_Problem to work on_: Write out the listing below in full and exactly, leaving out every picture.

*** Opening of Data excerpt ***

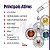 Smart Kit Prisma Peeling + Sacola Ecobag - Smart Gr - Imagem 9
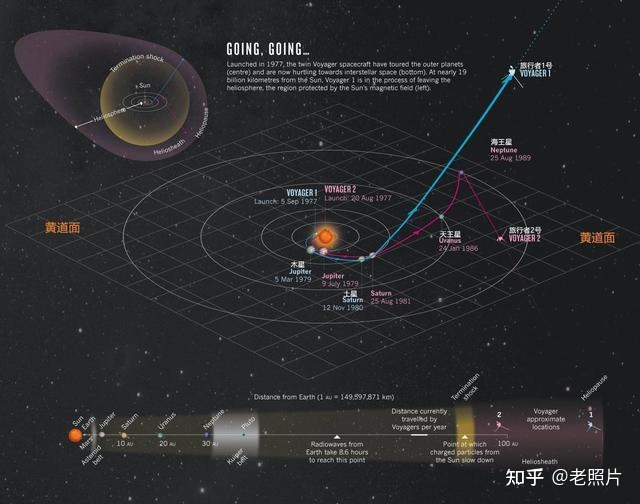 历届美国总统关于UFO和外星人的访谈，为何都竭力掩饰51 ...955 / 作者:SUNSHINEhzl / 帖子ID:115662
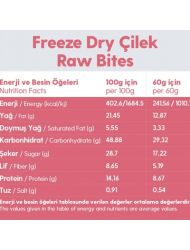 5 Paket Freeze Dry Çilek Kaplı Glutensiz Vegan Yerfıstıklı Hurma Topları Raw Bites 60gr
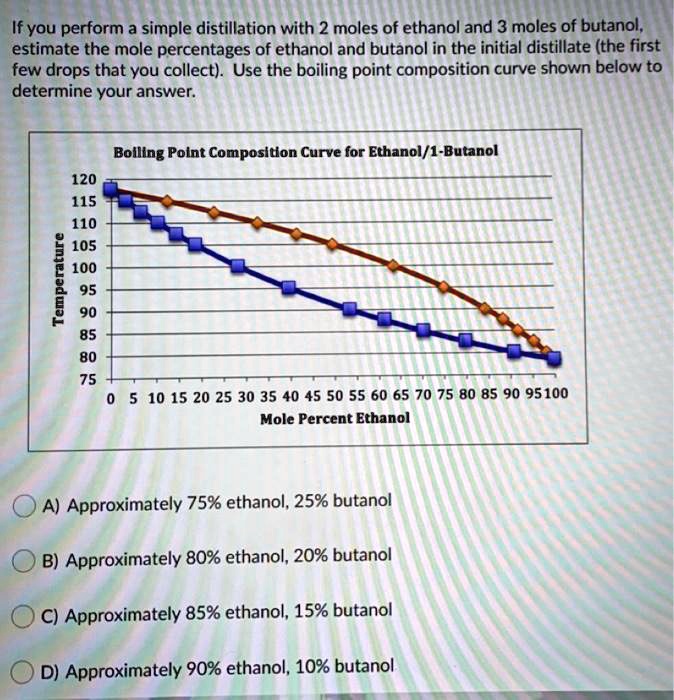 If You Perform A Simple Distillation With 2 Moles Of Ethanol And 3 ...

*** Close of Data excerpt ***

_Exercise result_:
 Smart Kit Prisma Peeling + Sacola Ecobag - Smart Gr - Imagem 9
 历届美国总统关于UFO和外星人的访谈，为何都竭力掩饰51 ...955 / 作者:SUNSHINEhzl / 帖子ID:115662
 5 Paket Freeze Dry Çilek Kaplı Glutensiz Vegan Yerfıstıklı Hurma Topları Raw Bites 60gr
 If You Perform A Simple Distillation With 2 Moles Of Ethanol And 3 ...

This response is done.